Ależ przetrzymałam wszelkich zwolenników wnętrzarskiej części bloga! Bardzo przepraszam, bo już nawet nieśmiałe głosy domagające się jakiś fragmentów naszego wystroju ucichły – znaczy się – zdusiłam w zarodku. Wstyd. Moim usprawiedliwieniem niech będzie skala przedsięwzięcia nad którym pracowałam, czas potrzebny do zrealizowania go, oraz odpowiednie materiały.
Z części jadalnej nie byłam wcale zadowolona (pewnie dlatego tak niewiele zdjęć na blogu “przed”). Wprowadzała chaos kolorystyczny (dodatkowy odcień drewna). Jednak jakość mebli (tych “zastanych” i tych “podarowanych”) wciąż była dobra, a oszczędności nie pozwalały na szaleństwo w tej kwestii. Długo zastanawiałam się jak sprawę ugryźć tak, żeby tak mi nie przeszkadzało. Pierwszym problemem było to, że nie bardzo wiedziałam JAK się do takiego czegoś zabrać. Druga kwestia która spędzała mi sen z powiek to to, że nie wszystkie meble nadawały się do szlifowania, ze względu na swoją strukturę. Z pomocą przyszła mi moja szefowa (bynajmniej nie ekspert d/s wystroju wnętrz :P). Otóż była w odwiedzinach u swojej kuzynki, gdzie odkryła cudowny świat renowacji mebli. Podczas standardowych procedur zdradzała mi krok po kroku jak wzięła się do tego u siebie w domu. Od tego się zaczęło!
Na pierwszy ogień poszedł stół – który stał na dole i straszył. Jego podstawową zaletą było to, że posiadał szufladki. Udokumentowałam całą procedurę – szlifowanie, malowanie, wstawianie, obróbkę, decupaż…a zdjęcia zniknęły, rozpłynęły się w niebycie. Dlatego macie efekt wizualny:
Do stołu nie miałabym żadnych zastrzeżeń, ale…no właśnie.
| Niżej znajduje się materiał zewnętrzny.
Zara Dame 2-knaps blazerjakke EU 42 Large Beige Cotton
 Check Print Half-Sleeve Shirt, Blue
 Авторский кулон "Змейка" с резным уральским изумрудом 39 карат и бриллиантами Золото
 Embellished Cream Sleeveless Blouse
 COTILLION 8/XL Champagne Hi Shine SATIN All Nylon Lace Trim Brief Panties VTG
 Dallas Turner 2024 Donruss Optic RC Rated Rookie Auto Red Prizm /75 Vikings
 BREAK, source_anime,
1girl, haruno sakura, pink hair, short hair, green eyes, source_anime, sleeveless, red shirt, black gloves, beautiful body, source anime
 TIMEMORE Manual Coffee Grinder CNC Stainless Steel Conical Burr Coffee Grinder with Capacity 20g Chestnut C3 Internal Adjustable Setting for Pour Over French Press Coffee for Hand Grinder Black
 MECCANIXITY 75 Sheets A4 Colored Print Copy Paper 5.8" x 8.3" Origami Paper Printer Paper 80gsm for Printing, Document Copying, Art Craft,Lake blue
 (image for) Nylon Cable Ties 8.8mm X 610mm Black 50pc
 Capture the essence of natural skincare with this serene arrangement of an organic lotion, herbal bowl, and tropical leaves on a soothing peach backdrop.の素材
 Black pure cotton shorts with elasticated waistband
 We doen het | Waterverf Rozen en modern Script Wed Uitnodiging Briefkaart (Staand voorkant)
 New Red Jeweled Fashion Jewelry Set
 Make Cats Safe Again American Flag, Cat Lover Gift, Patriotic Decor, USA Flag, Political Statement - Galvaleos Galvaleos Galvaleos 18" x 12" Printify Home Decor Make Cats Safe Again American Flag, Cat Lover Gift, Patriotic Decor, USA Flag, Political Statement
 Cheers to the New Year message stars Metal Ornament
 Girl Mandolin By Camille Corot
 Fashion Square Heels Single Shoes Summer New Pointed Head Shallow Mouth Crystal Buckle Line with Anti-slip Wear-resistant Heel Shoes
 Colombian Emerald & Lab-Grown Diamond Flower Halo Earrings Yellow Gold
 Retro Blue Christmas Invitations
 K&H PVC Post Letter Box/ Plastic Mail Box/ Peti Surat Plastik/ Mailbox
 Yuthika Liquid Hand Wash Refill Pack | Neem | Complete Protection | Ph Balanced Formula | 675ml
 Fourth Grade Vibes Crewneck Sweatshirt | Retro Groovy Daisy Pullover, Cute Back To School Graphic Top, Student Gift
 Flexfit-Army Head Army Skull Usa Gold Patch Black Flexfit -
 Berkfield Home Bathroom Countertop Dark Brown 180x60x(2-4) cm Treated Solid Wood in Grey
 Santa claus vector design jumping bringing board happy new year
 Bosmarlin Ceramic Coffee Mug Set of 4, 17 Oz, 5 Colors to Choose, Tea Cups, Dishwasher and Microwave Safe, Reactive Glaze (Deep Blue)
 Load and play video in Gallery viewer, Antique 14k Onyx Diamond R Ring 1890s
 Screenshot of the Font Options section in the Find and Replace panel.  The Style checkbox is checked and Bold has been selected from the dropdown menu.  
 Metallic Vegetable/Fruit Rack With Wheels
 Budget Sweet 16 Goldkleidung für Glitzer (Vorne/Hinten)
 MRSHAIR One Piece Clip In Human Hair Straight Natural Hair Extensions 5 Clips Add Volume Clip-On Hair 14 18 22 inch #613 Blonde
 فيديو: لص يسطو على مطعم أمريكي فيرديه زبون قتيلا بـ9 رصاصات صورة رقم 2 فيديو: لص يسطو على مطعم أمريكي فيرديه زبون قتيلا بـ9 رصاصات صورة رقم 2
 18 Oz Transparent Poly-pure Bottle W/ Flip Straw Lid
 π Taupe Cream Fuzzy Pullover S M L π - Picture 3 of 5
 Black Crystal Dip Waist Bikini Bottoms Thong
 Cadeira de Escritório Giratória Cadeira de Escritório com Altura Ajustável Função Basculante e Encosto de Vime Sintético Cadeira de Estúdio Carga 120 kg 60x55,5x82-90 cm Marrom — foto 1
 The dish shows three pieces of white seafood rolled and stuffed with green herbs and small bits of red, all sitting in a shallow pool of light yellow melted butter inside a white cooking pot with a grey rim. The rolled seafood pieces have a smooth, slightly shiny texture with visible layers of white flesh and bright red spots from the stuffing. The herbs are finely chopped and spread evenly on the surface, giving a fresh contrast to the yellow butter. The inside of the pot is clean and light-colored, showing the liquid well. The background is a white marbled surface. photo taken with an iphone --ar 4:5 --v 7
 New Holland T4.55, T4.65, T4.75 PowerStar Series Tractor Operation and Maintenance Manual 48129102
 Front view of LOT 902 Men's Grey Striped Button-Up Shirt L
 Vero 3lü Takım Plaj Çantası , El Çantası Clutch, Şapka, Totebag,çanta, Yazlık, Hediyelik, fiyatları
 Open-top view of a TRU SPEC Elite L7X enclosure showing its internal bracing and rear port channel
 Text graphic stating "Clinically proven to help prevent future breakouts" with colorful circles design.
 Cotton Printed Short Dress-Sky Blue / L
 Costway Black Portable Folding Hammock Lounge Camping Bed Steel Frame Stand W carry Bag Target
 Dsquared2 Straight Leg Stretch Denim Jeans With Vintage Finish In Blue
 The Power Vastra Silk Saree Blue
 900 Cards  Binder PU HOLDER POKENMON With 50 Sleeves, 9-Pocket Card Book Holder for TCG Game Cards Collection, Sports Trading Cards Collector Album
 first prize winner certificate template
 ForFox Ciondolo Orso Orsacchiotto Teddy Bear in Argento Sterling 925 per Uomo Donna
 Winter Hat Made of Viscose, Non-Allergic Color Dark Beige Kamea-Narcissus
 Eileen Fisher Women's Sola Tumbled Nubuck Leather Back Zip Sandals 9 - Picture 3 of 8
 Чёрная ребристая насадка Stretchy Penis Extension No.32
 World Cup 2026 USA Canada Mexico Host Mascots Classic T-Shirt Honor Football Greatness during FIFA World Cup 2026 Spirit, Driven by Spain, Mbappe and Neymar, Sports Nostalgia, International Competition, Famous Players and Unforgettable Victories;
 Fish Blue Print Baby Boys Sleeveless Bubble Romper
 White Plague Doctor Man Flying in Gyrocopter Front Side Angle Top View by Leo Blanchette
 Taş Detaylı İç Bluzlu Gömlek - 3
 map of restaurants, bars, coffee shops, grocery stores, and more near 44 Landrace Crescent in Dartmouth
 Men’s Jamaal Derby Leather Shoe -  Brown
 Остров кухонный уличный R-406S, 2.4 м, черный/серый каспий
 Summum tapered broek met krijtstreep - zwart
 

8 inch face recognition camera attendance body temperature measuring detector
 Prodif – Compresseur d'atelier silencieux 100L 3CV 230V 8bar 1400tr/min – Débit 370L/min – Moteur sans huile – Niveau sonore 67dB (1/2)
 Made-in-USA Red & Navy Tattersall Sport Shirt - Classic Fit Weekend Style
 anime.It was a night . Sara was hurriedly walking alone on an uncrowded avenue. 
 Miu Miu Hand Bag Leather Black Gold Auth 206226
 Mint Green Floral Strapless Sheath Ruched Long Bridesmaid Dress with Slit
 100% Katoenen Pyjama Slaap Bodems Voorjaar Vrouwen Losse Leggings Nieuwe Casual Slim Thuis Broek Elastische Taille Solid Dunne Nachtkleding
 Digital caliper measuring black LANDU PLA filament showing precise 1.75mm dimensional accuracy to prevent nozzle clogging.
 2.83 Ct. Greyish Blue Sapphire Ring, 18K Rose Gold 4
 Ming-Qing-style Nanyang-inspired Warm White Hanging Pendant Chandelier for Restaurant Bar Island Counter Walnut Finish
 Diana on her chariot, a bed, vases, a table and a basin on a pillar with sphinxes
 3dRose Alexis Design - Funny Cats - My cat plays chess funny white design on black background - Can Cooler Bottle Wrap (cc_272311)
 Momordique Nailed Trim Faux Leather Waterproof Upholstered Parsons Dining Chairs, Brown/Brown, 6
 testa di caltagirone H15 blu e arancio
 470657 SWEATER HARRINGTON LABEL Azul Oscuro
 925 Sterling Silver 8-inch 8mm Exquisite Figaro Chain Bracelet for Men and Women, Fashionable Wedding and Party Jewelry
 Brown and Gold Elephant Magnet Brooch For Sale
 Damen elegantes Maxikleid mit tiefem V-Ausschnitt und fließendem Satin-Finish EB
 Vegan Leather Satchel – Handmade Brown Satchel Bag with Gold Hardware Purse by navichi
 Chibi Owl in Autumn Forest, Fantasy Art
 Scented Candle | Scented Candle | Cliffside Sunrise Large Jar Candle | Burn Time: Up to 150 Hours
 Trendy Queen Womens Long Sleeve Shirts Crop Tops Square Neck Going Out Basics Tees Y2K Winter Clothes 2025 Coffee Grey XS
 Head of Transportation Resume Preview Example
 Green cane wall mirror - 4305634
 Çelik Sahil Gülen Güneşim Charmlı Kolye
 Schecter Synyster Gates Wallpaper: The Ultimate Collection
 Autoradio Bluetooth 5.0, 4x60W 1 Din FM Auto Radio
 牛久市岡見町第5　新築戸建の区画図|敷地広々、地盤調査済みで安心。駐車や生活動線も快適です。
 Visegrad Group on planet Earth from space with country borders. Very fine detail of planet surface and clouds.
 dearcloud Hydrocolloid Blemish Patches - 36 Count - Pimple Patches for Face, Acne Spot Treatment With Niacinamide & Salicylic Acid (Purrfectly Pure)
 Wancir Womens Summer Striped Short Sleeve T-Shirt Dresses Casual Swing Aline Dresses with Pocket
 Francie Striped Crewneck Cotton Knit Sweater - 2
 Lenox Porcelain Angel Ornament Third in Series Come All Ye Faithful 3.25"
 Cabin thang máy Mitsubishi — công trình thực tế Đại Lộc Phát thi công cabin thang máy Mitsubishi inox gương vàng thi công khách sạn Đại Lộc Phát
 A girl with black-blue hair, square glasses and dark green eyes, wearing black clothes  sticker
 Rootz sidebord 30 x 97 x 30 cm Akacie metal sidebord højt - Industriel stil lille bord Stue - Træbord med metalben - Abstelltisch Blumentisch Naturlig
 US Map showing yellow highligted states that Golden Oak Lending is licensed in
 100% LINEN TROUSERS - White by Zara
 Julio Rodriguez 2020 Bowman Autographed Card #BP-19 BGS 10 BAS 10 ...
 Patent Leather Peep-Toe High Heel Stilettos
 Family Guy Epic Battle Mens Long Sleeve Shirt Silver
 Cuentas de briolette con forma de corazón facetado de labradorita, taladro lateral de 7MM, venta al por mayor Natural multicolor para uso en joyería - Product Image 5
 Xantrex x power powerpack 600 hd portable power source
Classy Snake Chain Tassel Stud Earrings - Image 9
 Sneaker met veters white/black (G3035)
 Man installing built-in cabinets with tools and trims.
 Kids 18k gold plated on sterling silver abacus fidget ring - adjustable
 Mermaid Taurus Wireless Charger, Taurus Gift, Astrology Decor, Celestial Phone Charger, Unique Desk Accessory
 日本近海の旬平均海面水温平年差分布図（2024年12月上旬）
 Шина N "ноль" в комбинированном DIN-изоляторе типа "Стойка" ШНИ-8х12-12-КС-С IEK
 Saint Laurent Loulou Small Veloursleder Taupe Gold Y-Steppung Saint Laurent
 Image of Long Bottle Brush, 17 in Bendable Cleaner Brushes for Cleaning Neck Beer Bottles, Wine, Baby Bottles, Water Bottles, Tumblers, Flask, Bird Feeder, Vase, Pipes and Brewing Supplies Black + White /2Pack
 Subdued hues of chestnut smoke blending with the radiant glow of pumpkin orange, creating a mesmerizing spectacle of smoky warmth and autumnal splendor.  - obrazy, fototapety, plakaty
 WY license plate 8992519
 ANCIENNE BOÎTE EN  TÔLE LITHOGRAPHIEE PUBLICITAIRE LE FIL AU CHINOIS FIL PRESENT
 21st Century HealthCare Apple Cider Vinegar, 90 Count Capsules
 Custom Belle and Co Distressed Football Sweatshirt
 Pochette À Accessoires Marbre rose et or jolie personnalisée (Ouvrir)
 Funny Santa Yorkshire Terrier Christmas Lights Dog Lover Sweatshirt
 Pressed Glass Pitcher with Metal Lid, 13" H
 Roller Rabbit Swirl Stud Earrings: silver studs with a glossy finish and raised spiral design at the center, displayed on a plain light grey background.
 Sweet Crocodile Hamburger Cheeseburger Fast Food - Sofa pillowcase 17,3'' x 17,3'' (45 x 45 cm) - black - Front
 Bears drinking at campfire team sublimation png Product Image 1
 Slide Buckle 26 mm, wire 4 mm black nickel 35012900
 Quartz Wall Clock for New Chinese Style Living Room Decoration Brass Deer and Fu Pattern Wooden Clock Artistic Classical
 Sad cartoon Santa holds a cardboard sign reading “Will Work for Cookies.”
Jego blat został zastąpiony okropną płytą sklejkową, której nijak nie mogłam poprawić wyglądu – jakieś pomysły?
Potem była dłuższa chwila przerwy. Reszta mebli okazała się być tak pokryta, że “zwykłe” szlifowanie nie wchodziło w grę. I tu znów z pomocą przyszła szefowa, która kiedyś radośnie zaczęła dzień pracy od pytania ” A czy Ty wiesz, co to są farby kredowe?!”. Nie wiedziałam, sprawdziłam uprzejmie. Następnie koleżanka zakupiła owe farby (horrendalnie drogie!) i pomalowała swoje meble z zadowalającym efektem. Pomyślałam, że jak nie zaoszczędzę na farby (żegnajcie komplety Warsaw Dog! :() to przed świętami juz nie dojdę do ładu z meblami. Pomyślałam, zacisnęłam pasa…i wzięłam się do roboty.
Najpierw, na próbę kupiłam próbkę 100 ml. Pomalowałam jedno krzesło i Pan Mąż miał za zadanie dwa tygodnie na nim siedzieć, wysiadywać, kopać i kręcić tyłkiem. Robił to z ochotą, i faktycznie, nieco mi się przybrudziło i zużyło. Wobec tego postanowiłam nieco polepszyć technikę woskowania, czyli użyłam do wyżej wymienionej czynności zamiast szmatki pędzelka. Moim zdaniem efekty są dużo lepsze.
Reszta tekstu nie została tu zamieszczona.